[Exercise description]
Transcribe every line from the one containing "925S & VVS Moissanite" through the end of the records below, exactly, but not the pictures.
* * * * * * * * *
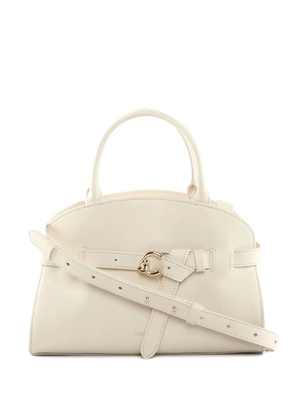 Coccinelle small Sabine buckle-detail leather tote bag - White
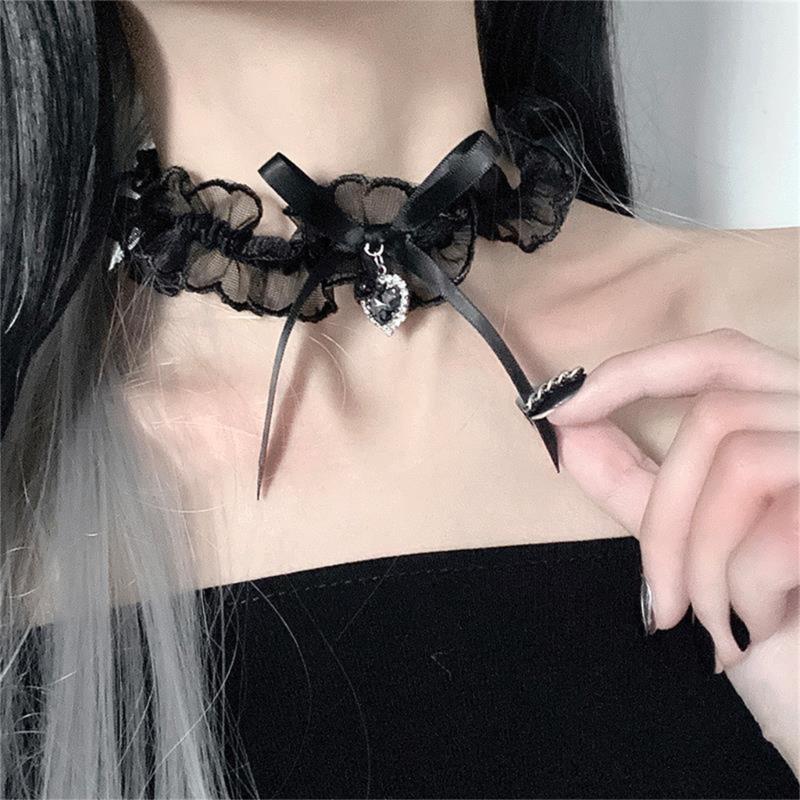 Lolit Choker Necklace Bows Choker Lace Choker Necklace Ribbon Choker Goth Choker Gothic Necklace Lolit Lace Collar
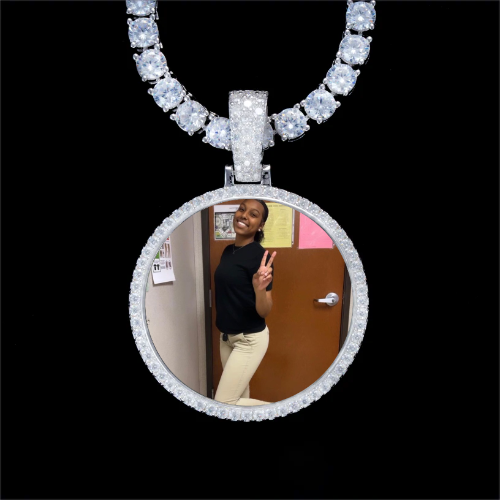 925S & VVS Moissanite 3D Circle Custom Picture Pendant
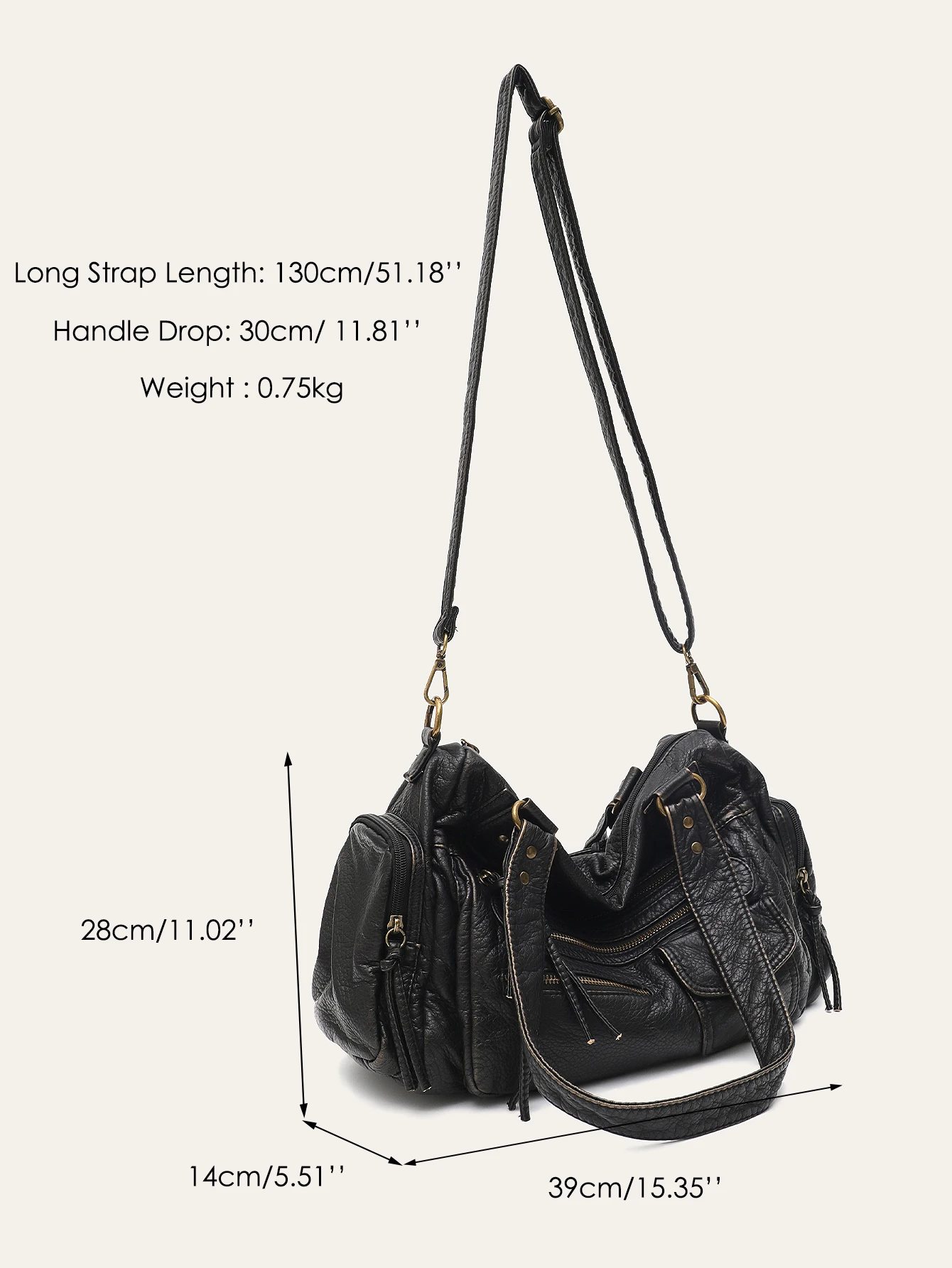 Vintage Women Unisex Brush-off Color Washed PU Vegan Leather Zip Pockets Shoulder Cross body Bag Large Retro Casual Daily Travel view 6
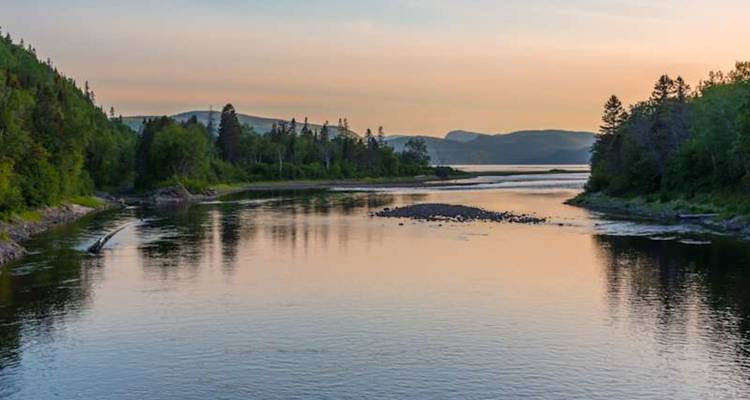 Large fleuve tranquille reflétant des ciels pastel au coucher du soleil avec des rives boisées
* * * * * * * * *
[Worked solution]
 925S & VVS Moissanite 3D Circle Custom Picture Pendant
 Vintage Women Unisex Brush-off Color Washed PU Vegan Leather Zip Pockets Shoulder Cross body Bag Large Retro Casual Daily Travel view 6
 Large fleuve tranquille reflétant des ciels pastel au coucher du soleil avec des rives boisées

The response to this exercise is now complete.